Делаю шаг… потом второй… Стряхиваю с плеч навалившуюся тяжесть… Не глядя, отмахиваюсь засапожником… Ощущаю, как вздрагивает чье-то тело, прыгаю в огонь и…
…И просыпаюсь.
По щеке скатывается слеза. Торопливо смахиваю ее рукой, вслушиваюсь в непрекращающийся шелест над головой и криво усмехаюсь: это не я. Дождь…
Приподнимаю голову и смотрю под стреху крыши. В чуть посветлевшую пелену дождя. Поминаю Двуликого и снова опускаю голову на котомку.
За спиной раздается испуганный шепоток:
– Проснулся…
Переворачиваюсь на другой бок, вглядываюсь в темноту, слышу испуганный вскрик и усмехаюсь еще раз: да, я проснулся. И сейчас уйду.
Чуть подрагивающие пальцы правой руки привычно нащупывают посох, пробегают по зарубкам, прикасаются ко вчерашней и… замирают: это еще не конец Пути: впереди – еще полтора пальца[17] гладкой древесины, до блеска отполированной моими ладонями.
Полтора пальца – это много. Очень много. Но, как говорил Арл, «не мы выбираем Дорогу, а она – нас».
Удерживаю тяжелый вздох, готовый сорваться с губ, подтягиваю к себе котомку и слезаю с повети[18]. Поворачиваю голову вправо, потом влево… и натыкаюсь на до смерти перепуганный взгляд тощего рыжеволосого мальчишки в насквозь промокшей рубахе и до ужаса грязных портках.
– Э-э-э… – мычит он и закашливается.
Поудобнее перехватываю посох, забрасываю котомку на плечо, берусь за ручку двери и останавливаюсь, услышав полупридушенный шепот:
– Ваша милость! Н-не побрезгуйте! Чем богаты, тем и…

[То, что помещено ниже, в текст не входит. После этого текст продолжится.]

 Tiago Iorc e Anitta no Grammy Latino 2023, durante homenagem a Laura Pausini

Киваю, протягиваю руку и останавливаю ее перед его лицом.
Малец набирает в грудь воздуха, зажмуривается и протягивает мне перевернутую вверх дном крышку бочки, на которой лежит краюха черствого хлеба, закаменевший кусок овечьего сыра и половинка вареной репы.
С сеновала раздается завистливый вздох.
Криво усмехаюсь: да, так «везет» далеко не каждому.

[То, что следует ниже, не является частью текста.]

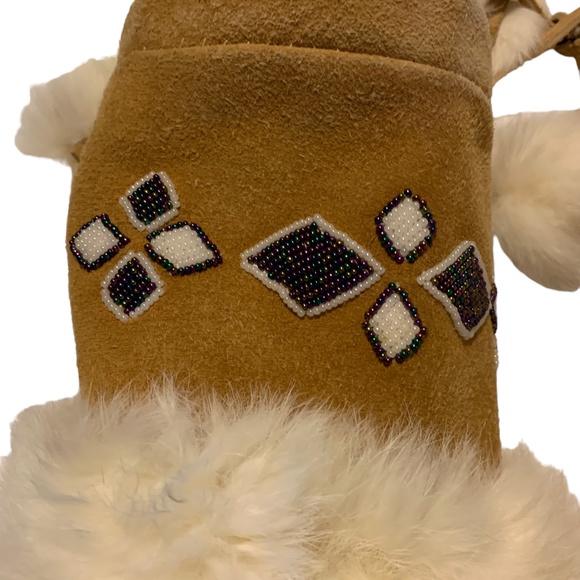 Inuit Kamiks. Size 7. Beads, pompoms, handmade, suede, rabbit - Picture 5 of 9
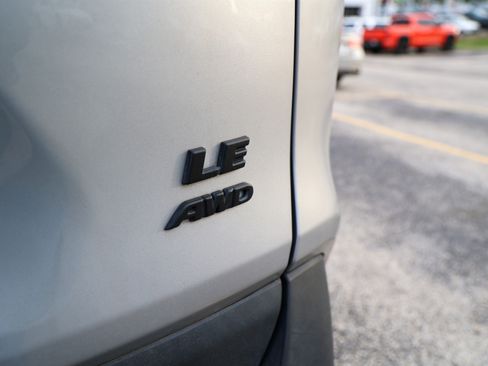 Used 2024 Toyota RAV4 LE AWD/4WD image 14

Скидываю с плеча котомку, развязываю узел и молча забрасываю в нее еду.
Малец непонимающе моргает, потом вглядывается в мое лицо, пятится назад, натыкается спиной на стену и торопливо чертит в воздухе отвращающий знак:
– С-спаси и сохрани. С-спаси и сохрани…
На сеновале кто-то перепуганно икает. А потом начинает истово шептать «Славословие».
Равнодушно пожимаю плечами, возвращаю котомку на место и толкаю дверь. Ногой. И натягиваю на голову капюшон, только оказавшись во дворе.
Постоялый двор «Сломанная стрела» уже проснулся: со стороны свинарника доносится истошный визг поросят; пара мальчишек лиственей[19] восьми-десяти, нагруженные дровами, пытаются перебраться через лужу, разлившуюся перед входом на кухню; хмурый, как небо над головой, кузнец задумчиво пялится на правое переднее копыто каурой кобылки. Изредка убирая со лба мокрые пряди волос.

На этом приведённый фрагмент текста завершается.